Sono stata una lavoratrice autonoma dal 1997 ma oggi non lavoro più. Al compimento dei 67 anni il montante contributivo versato non mi consentirà di raggiungere l’importo minimo dell’assegno sociale. Da un estratto contributivo ho trovato 5 settimane versate tra il 1992 ed il 1993: posso rientrare nel sistema misto ed evitare le limitazioni del contributivo puro?
Le settimane lavorate nel 1992 e 1993 le danno il diritto al calcolo misto, con i periodi fino al 1995 valorizzati attraverso il sistema retributivo e quelli successivi conteggiati con il contributivo. I lavoratori che hanno iniziato a versare dopo il primo gennaio 1996, invece, ai fini della pensione ricadono automaticamente nel sistema contributivo puro.
Come lei correttamente rileva, solo per i contributivi puri vale la regola per cui la pensione di vecchiaia debba essere pari ad almeno l’importo dell’assegno sociale. Per coloro ai quali si applica il calcolo misto restano applicabili solo il requisito anagrafico e quello contributivo: pensione di vecchiaia a 67 anni con 20 anni di contributi. Quindi, avendo contributi versati prima del 1996, dovrebbe ricadere in questa fattispecie. Anche con sole cinque settimane.

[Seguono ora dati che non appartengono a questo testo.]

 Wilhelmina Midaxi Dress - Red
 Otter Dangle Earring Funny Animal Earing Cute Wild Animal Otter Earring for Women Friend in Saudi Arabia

I contributivi puri, invece, se al raggiungimento dei 67 anni non hanno maturato un trattamento previdenziale pari almeno alla soglia indicata, non possono andare in pensione fino a 70 anni. Al raggiungimento di questa età anagrafica si prende la pensione indipendentemente dall’importo della pensione maturata con i propri versamenti, con un minimo di cinque anni di contributi versati.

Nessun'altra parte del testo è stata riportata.